[PROBLEM DESCRIPTION] Could you copy the records below exactly, keeping none of the images?

[THE DATA]
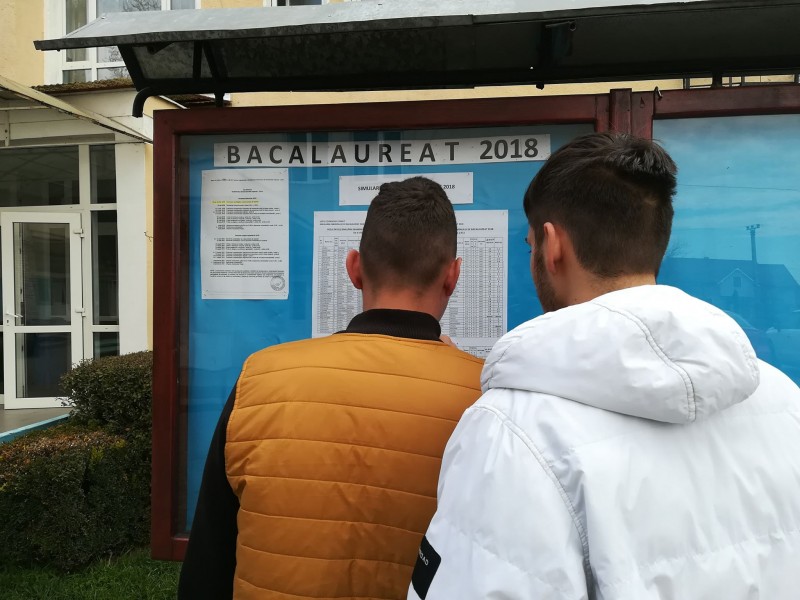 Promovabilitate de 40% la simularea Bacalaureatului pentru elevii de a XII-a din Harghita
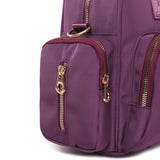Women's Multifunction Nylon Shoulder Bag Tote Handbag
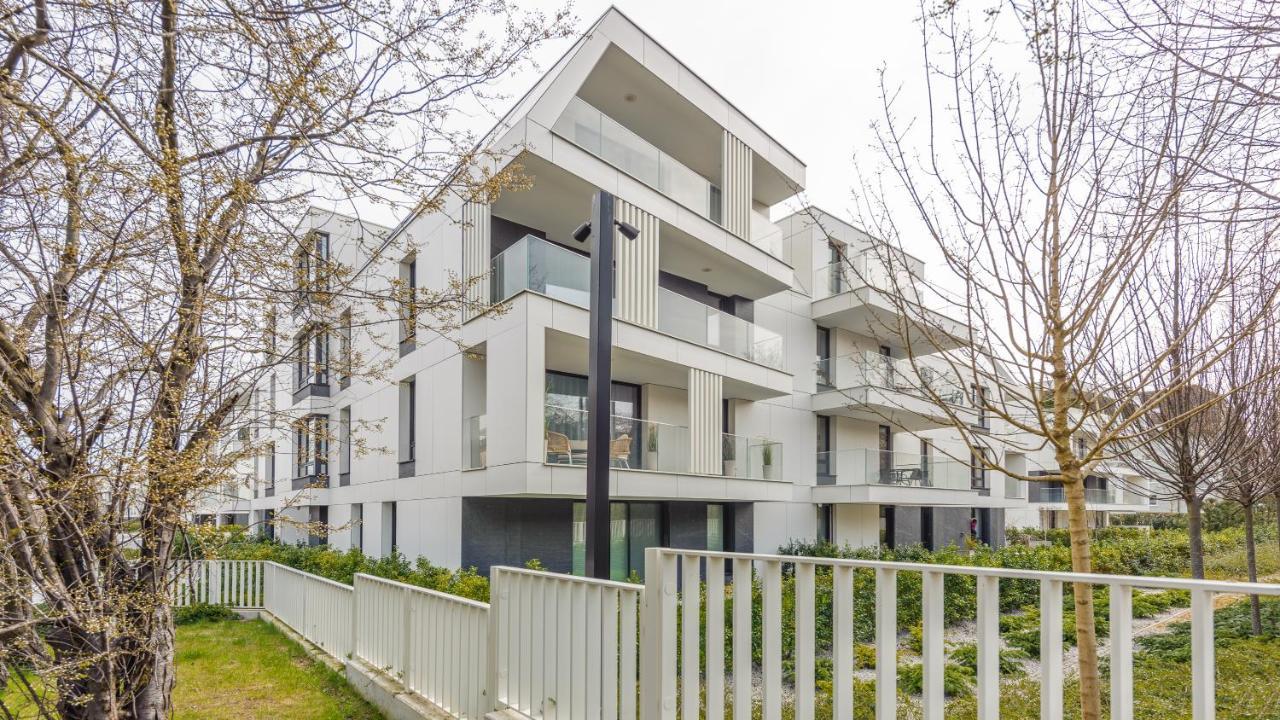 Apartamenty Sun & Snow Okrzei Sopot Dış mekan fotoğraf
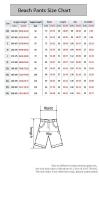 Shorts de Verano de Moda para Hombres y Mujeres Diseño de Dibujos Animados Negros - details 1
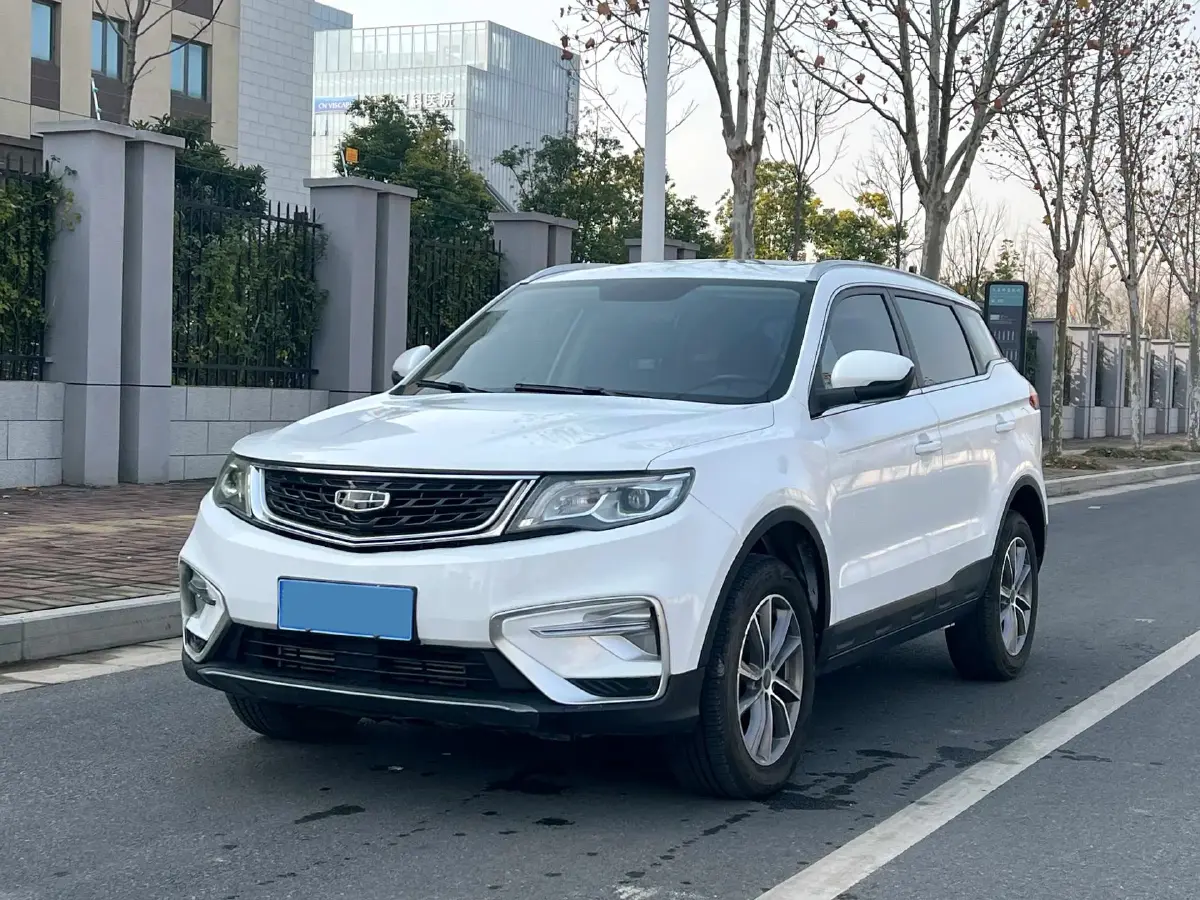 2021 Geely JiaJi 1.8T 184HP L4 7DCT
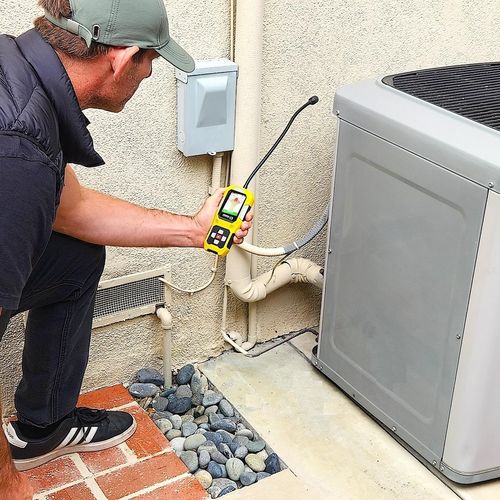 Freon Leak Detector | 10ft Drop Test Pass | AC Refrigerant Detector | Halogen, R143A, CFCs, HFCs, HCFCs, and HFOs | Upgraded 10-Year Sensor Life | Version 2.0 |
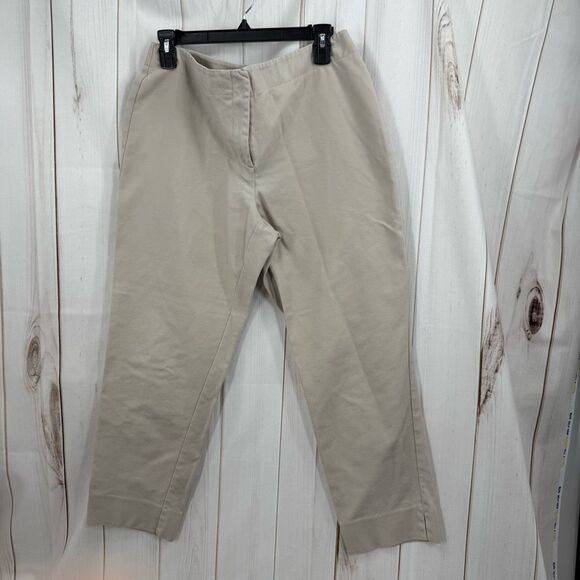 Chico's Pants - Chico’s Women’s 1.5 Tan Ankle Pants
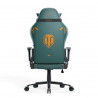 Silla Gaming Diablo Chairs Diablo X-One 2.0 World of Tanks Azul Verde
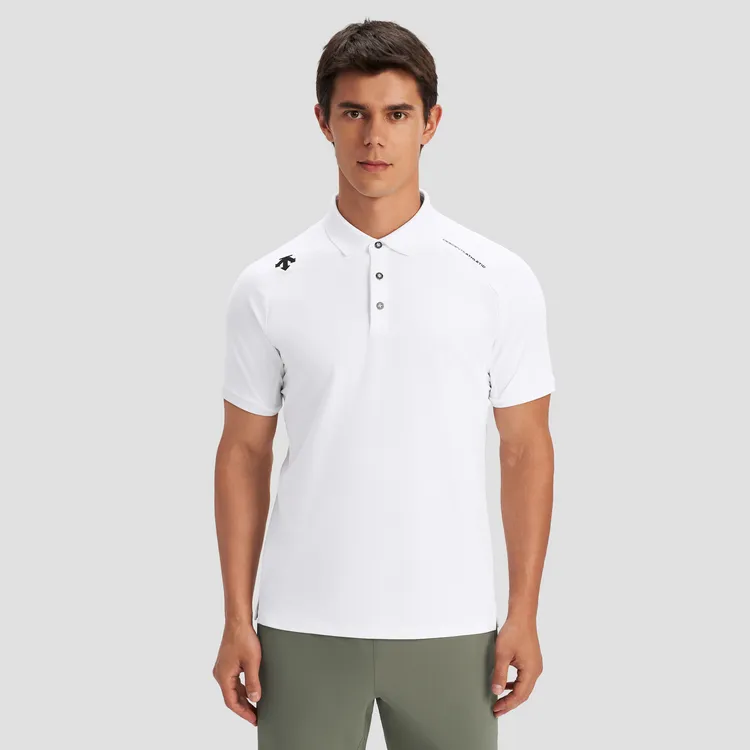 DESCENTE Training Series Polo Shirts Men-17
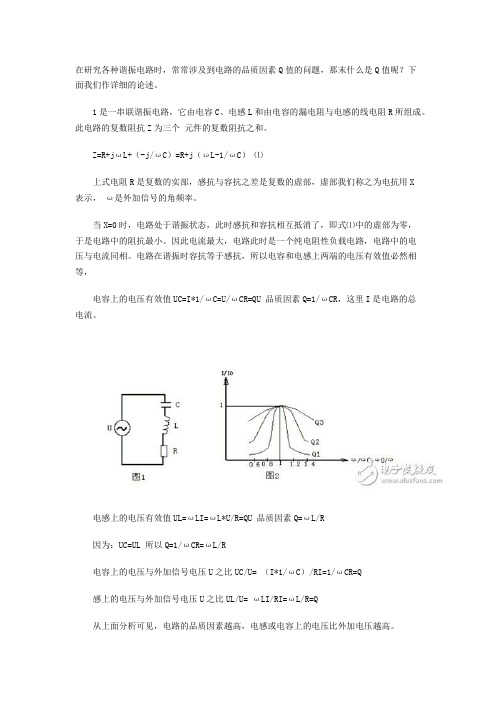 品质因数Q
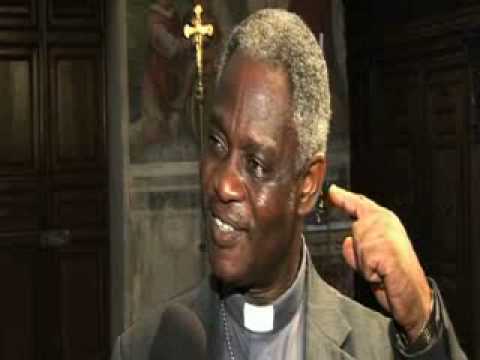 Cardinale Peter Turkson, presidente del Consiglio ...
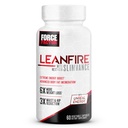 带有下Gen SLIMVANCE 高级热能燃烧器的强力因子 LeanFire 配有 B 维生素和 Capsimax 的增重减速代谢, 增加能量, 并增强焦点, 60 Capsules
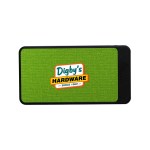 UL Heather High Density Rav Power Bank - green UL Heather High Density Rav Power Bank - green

[EXERCISE OUTPUT]
 Promovabilitate de 40% la simularea Bacalaureatului pentru elevii de a XII-a din Harghita
Women's Multifunction Nylon Shoulder Bag Tote Handbag
 Apartamenty Sun & Snow Okrzei Sopot Dış mekan fotoğraf
 Shorts de Verano de Moda para Hombres y Mujeres Diseño de Dibujos Animados Negros - details 1
 2021 Geely JiaJi 1.8T 184HP L4 7DCT
 Freon Leak Detector | 10ft Drop Test Pass | AC Refrigerant Detector | Halogen, R143A, CFCs, HFCs, HCFCs, and HFOs | Upgraded 10-Year Sensor Life | Version 2.0 |
 Chico's Pants - Chico’s Women’s 1.5 Tan Ankle Pants
 Silla Gaming Diablo Chairs Diablo X-One 2.0 World of Tanks Azul Verde
 DESCENTE Training Series Polo Shirts Men-17
 品质因数Q
 Cardinale Peter Turkson, presidente del Consiglio ...
 带有下Gen SLIMVANCE 高级热能燃烧器的强力因子 LeanFire 配有 B 维生素和 Capsimax 的增重减速代谢, 增加能量, 并增强焦点, 60 Capsules
 UL Heather High Density Rav Power Bank - green UL Heather High Density Rav Power Bank - green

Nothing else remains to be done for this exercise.